Once the images are set aside, return every entry exactly.

BEGIN Given records

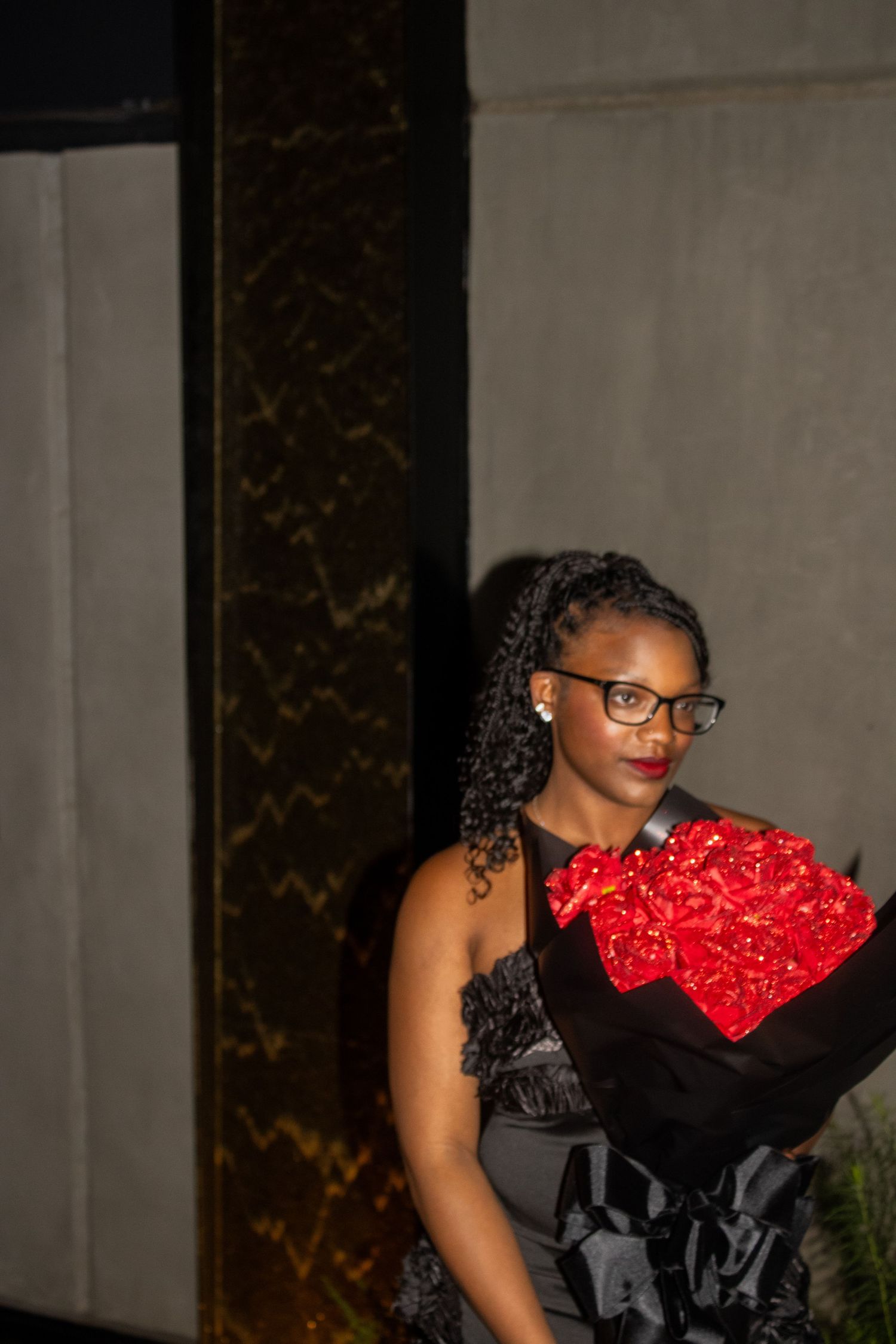 Woman in black dress poses with red rose bouquet against marble column backdrop.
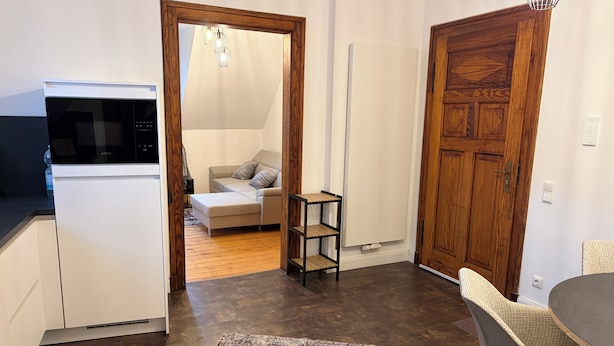 Un espace de vie compact comprenant un coin cuisine, un coin repas et un coin salon confortable agrémenté d’un tapis à motifs.
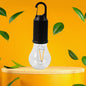 A black and clear portable LED tent light with an orange filament stands on a light wooden pedestal against a bright yellow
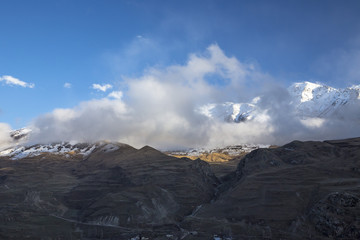 Obraz na płótnie Canvas Горный пейзаж. Вершины в белых облаках, Красивый вид на живописное ущелье, панорама с высокими горами. Природа Северного Кавказа, отдых в горах
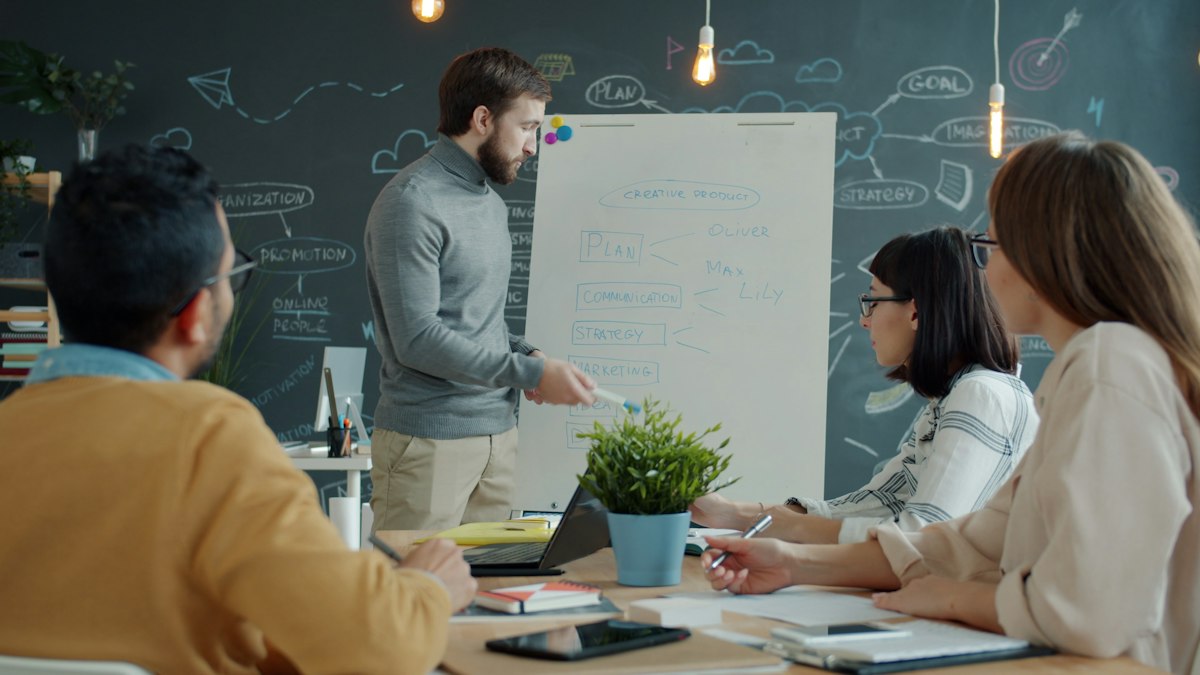 Team collaborating around a whiteboard during a training workshop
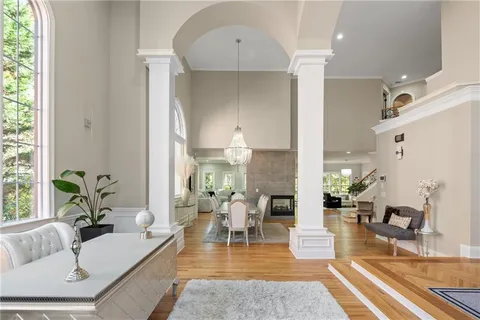 a view of a dining room with furniture window and wooden floor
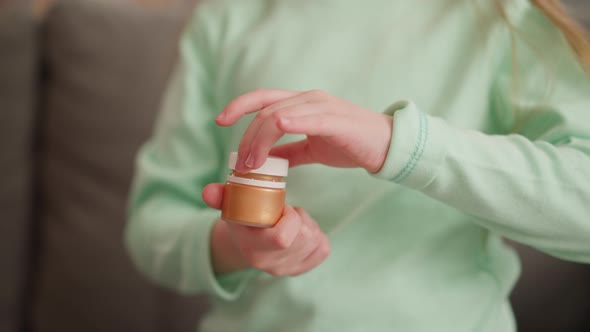 Child Opens Golden Paint Bottle By Sofa in Living Room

END Given records

# Answer to the exercise:
 Woman in black dress poses with red rose bouquet against marble column backdrop.
 Un espace de vie compact comprenant un coin cuisine, un coin repas et un coin salon confortable agrémenté d’un tapis à motifs.
 A black and clear portable LED tent light with an orange filament stands on a light wooden pedestal against a bright yellow
 Obraz na płótnie Canvas Горный пейзаж. Вершины в белых облаках, Красивый вид на живописное ущелье, панорама с высокими горами. Природа Северного Кавказа, отдых в горах
 Team collaborating around a whiteboard during a training workshop
 a view of a dining room with furniture window and wooden floor
 Child Opens Golden Paint Bottle By Sofa in Living Room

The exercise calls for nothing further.